USD/CAD is steady in Monday trading. The pair is trading just above the 1.04 line early in the North American session. There was little reaction from the pair to Monday’s US releases. US Core Retail Sales and Retail Sales both fell short of their estimates. However, there was a strong manufacturing release as the Empire State Manufacturing Index posted it best performance since January. There are no Canadian releases on Monday.
The US did not get off to a very good start to the week, as both Core Retail Sales and Retail Sales missed their estimates. Core Retail Sales fell from 0.3% to 0.0%, while Retail Sales slid from 0.6% to 0.4%. Both key releases fell short of their estimates. There was another strong showing from the Empire State Manufacturing Index, which jumped from 7.8 points to 9.5 points, its best level since January.
Last week’s US releases ended on a mixed note. UoM Consumer Sentiment disappointed as it missed expectations. The key indicator improved in June to 83.9 points from 82.7, but this fell well short of the estimate of 85.3 points. However, the markets appeared to focus on the fact that the indicator posted a respectable gain and remains at high levels, so the US dollar was unscathed. PPI, an important inflation index, looked strong as it jumped from 0.5% to 0.8%. The estimate stood at 0.5%, and this was the best showing since October 2012. US Business Inventories dipped to 0.1% in June, down from 0.3%.
The US dollar lost ground to the loonie last week, following the release of the minutes from the Fed’s last policy meeting, as well as dovish remarks from Fed chair Bernard Bernanke. The minutes indicated that Federal Reserve policymakers remain deeply divided over when to scale down the current round of QE, whereby the Fed purchases $85 billion in assets each month. About half of the Fed policymakers favor scaling down QE before the end of 2013, while others feel that the employment market is still too fragile for the Federal Reserve to take any action. The dollar continued to lose ground as Federal Reserve chair Bernanke gave a speech in which he said that the Fed would maintain a loose monetary policy for the foreseeable future, due to low levels of inflation and a high US unemployment rate. The Canadian dollar has managed to hold onto these gains into this week.

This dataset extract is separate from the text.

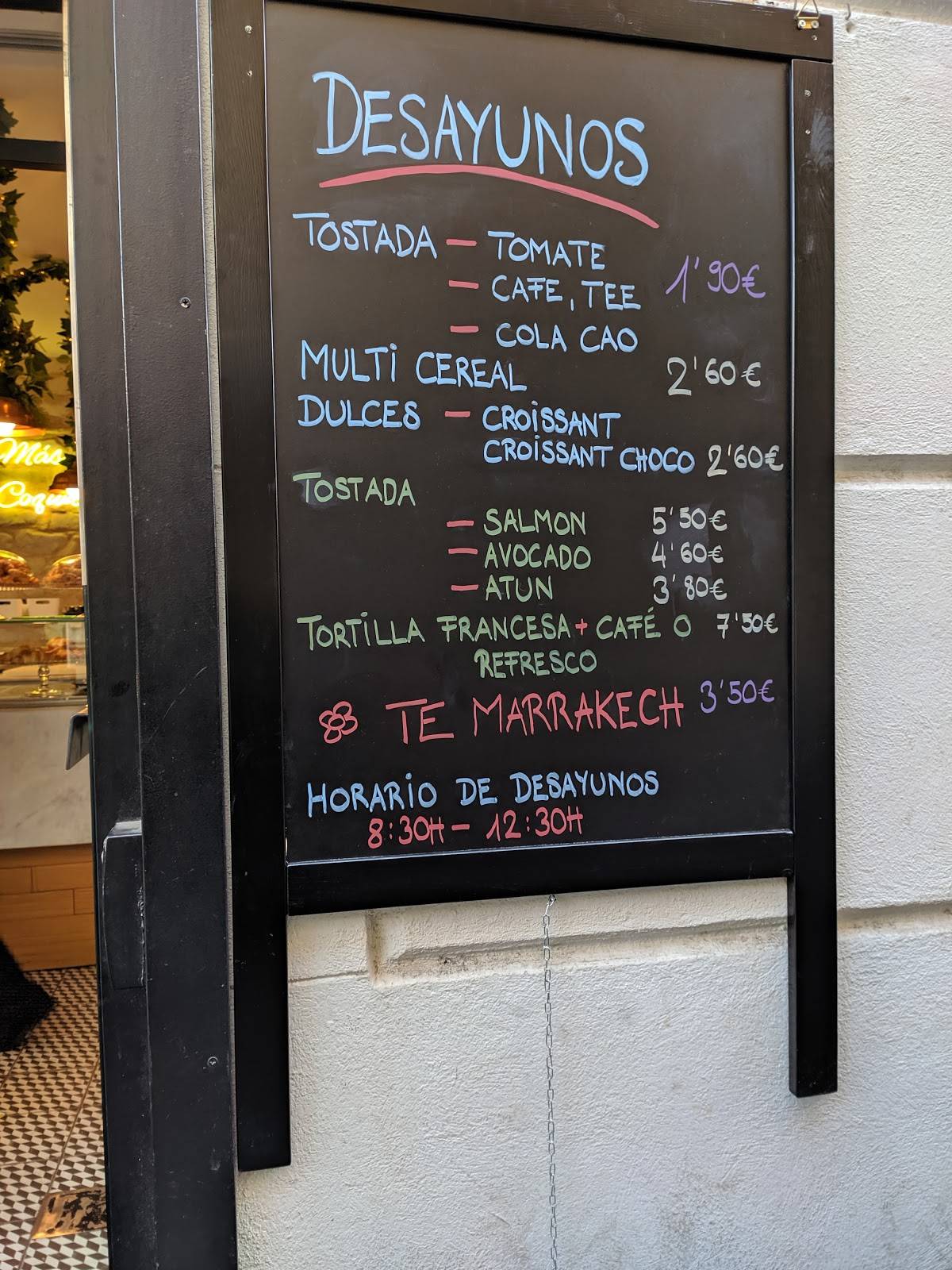 Menu at La Más Coketa cafeteria, Alicante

USD/CAD for Monday, July 15, 2013
USD/CAD 1.0405 H: 1.0434 L: 1.0380
USD/CAD is showing very little movement, and as a result, the proximate support and resistance levels remain intact (S1 and R1 above). In the Asian session, the pair traded just below the 1.04 line, and crossed this level in the European session. USD /CAD continues to face resistance at 10442. This is a weak line, and could face pressure if the US dollar can push higher. This is followed by strong resistance at 1.0502. On the downside, there is support at 1.0337. This is followed by a support level is at 1.0282.
- Current range: 1.0337 to 1.0442
Further levels in both directions:
- Below: 1.0337, 1.0282, 1.0229 and 1.0157
- Above: 1.0442, 1.0502, 1.0573, 1.0652, 1.0705 and 1.0780
OANDA’s Open Positions Ratio
USD/CAD ratio is not showing much movement in Monday trading. This is reflected in the lack of movement exhibited by the pair, which continues to trade quietly. Short positions now have a slight majority of the open positions, indicating slight trader bias towards the loonie continuing to move higher.
USD/CAD is off to a slow start, and showed little interest in Monday’s US releases. We could be in store for an uneventful day from the pair. This will likely change on Tuesday, with both Canada and the US posting key events.
- 12:30 US Core Retail Sales. Estimate 0.7%. Actual 0.4%.
- 12:30 US Retail Sales. Estimate 0.5%. Actual 0.0%.
- 12:30 Empire State Manufacturing Index. Estimate 5.2 points. Actual 9.5 points.
- 14:00 US Business Inventories. Estimate 0.2%. Actual 0.1%.